• **Stored items**:
== == ==
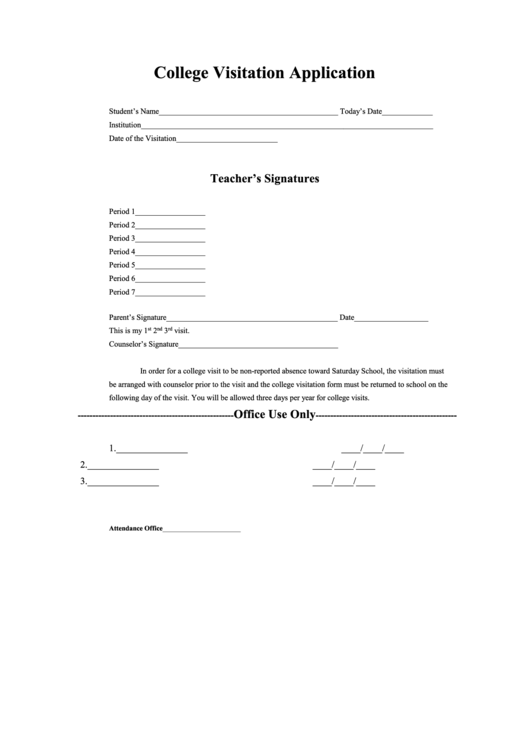 College Visitation Application Printable pdf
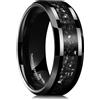 King Will - Fede nuziale da uomo, 6 mm/8 mm, in carburo di tungsteno, nero/argento, con inserti frammentati blu, rosso, oro e viola, bordo smussato, S 1/2(60.8mm), Tungsteno Carburo di tungsteno, Non
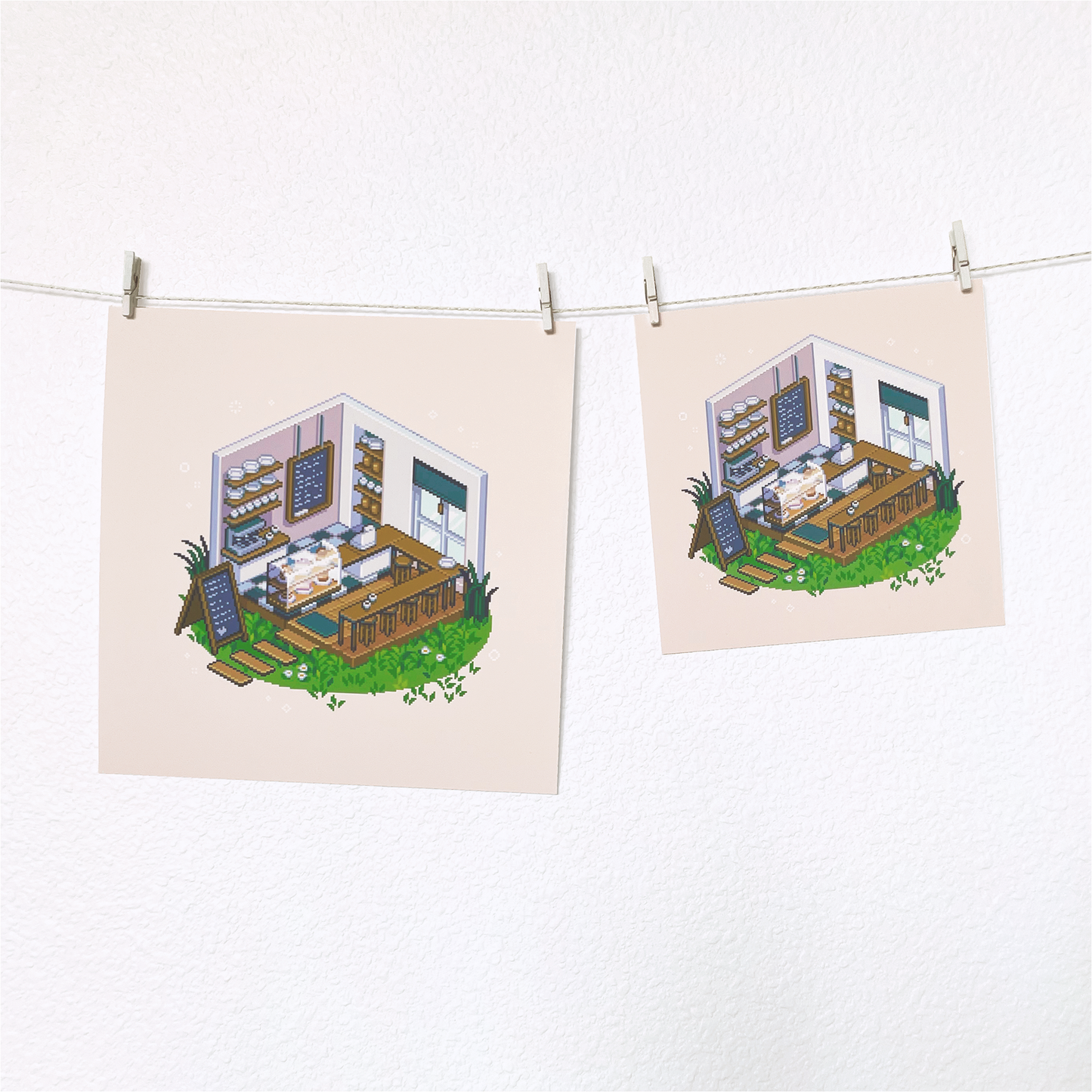 Isometric pink cafe pixel art print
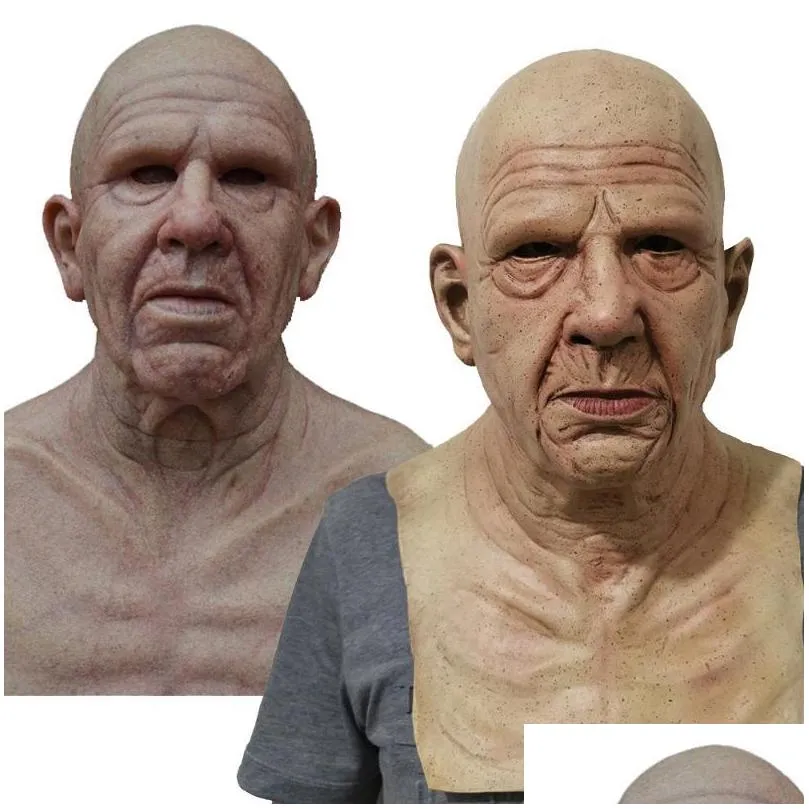 party masks grandfathers latex scary full head cosplay for halloween wig old man mask bald horror funny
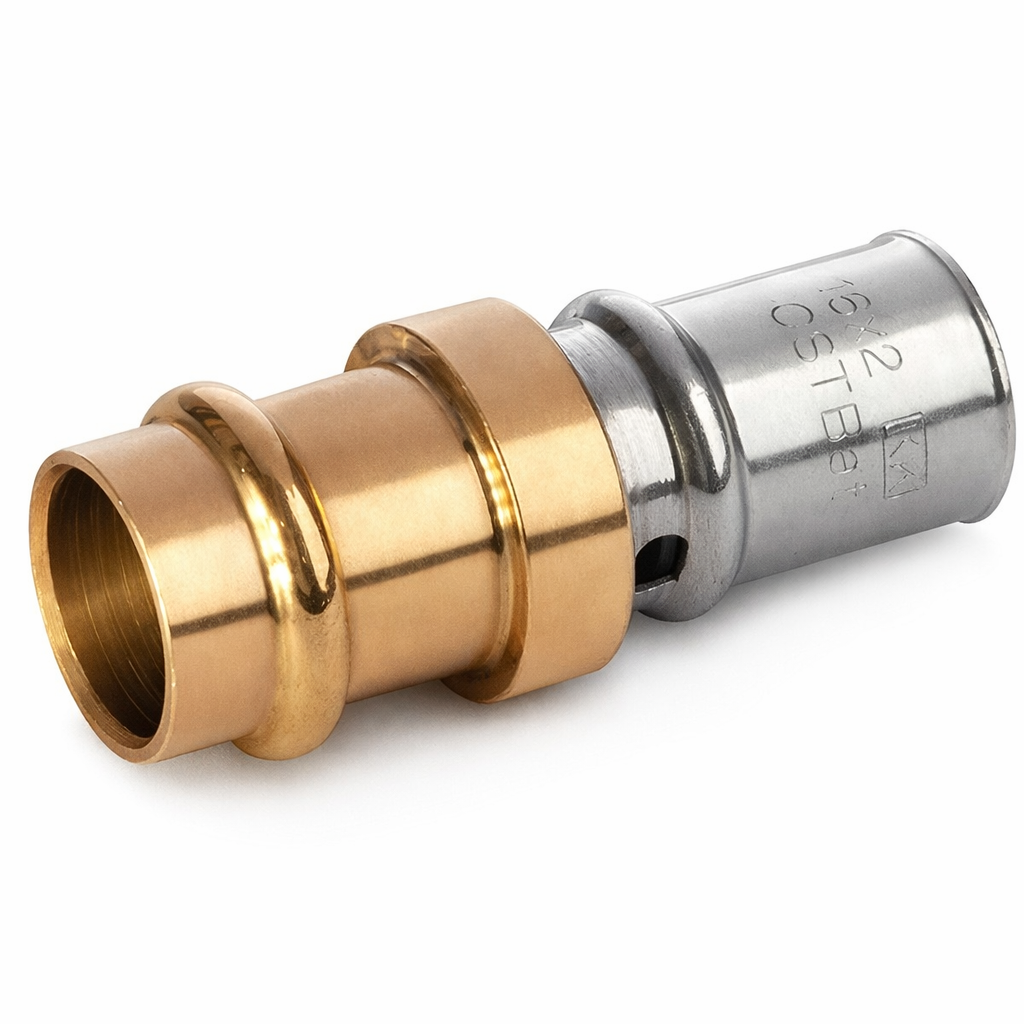 Raccord droit multicouche 16 vers cuivre 14 à sertir – SYSTEMPEX V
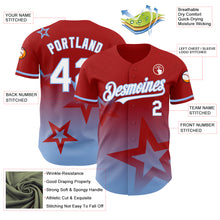 Load image into Gallery viewer, Custom Red White-Light Blue 3D Pattern Design Gradient Style Twinkle Star Authentic Baseball Jersey
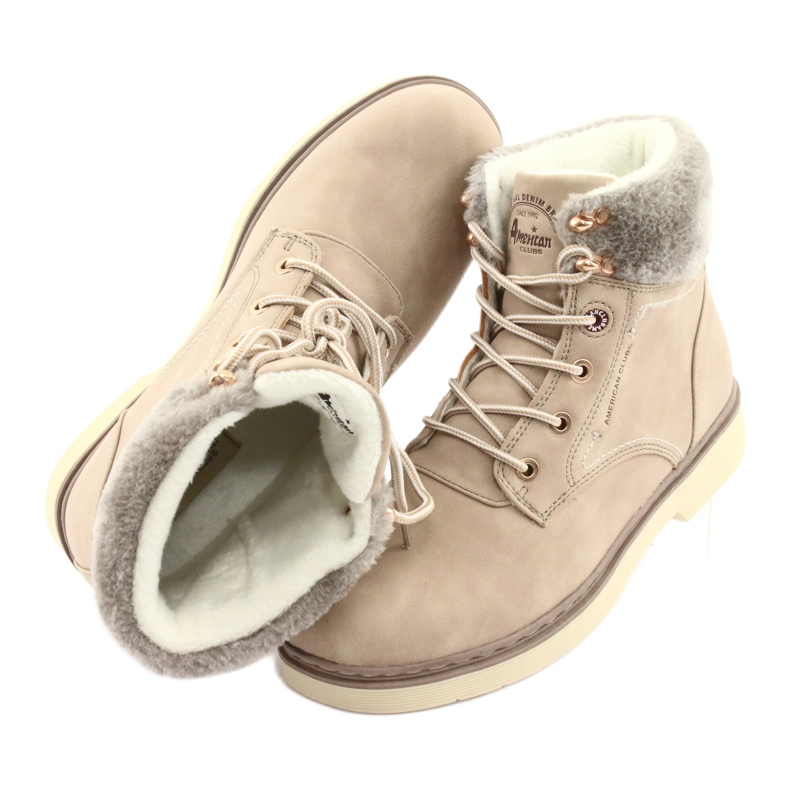 American Club American Boots Women's Lace -Up Beige RH47 6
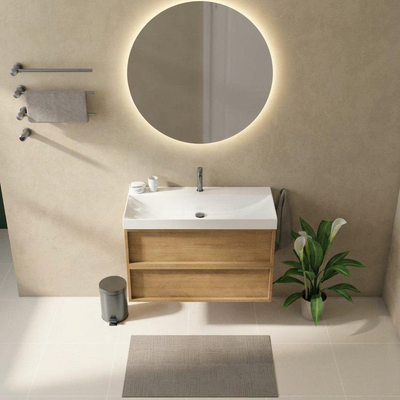 Saniclass Holz Frame Ensemble meuble de salle de bains - 100x45x67.5cm - Wave lavabo en céramique - 1 vasque - 1 trou de robinetterie - 2 tiroirs - chêne natural mat (bois)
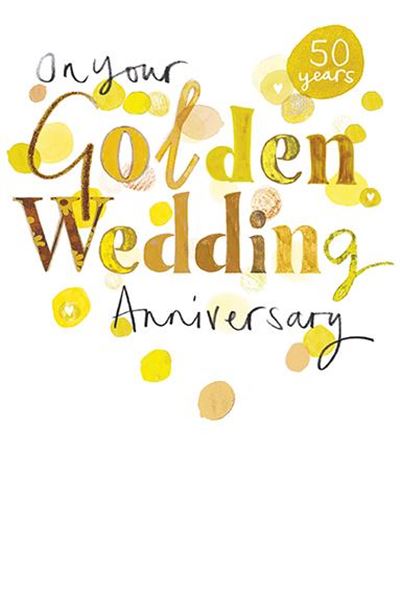 Golden 50th Wedding Anniversary Card
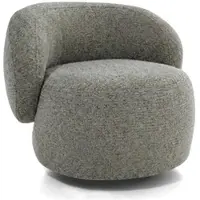 Beautysofa SESSEL Mao, Drehsessel mit runder Form, Hellgrau, Chenille-Stoff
== == ==
Begin at the first line of the records. Print every line through the one containing "Load image into" exactly, but skip the pictures.

 College Visitation Application Printable pdf
 King Will - Fede nuziale da uomo, 6 mm/8 mm, in carburo di tungsteno, nero/argento, con inserti frammentati blu, rosso, oro e viola, bordo smussato, S 1/2(60.8mm), Tungsteno Carburo di tungsteno, Non
 Isometric pink cafe pixel art print
 party masks grandfathers latex scary full head cosplay for halloween wig old man mask bald horror funny
 Raccord droit multicouche 16 vers cuivre 14 à sertir – SYSTEMPEX V
 Load image into Gallery viewer, Custom Red White-Light Blue 3D Pattern Design Gradient Style Twinkle Star Authentic Baseball Jersey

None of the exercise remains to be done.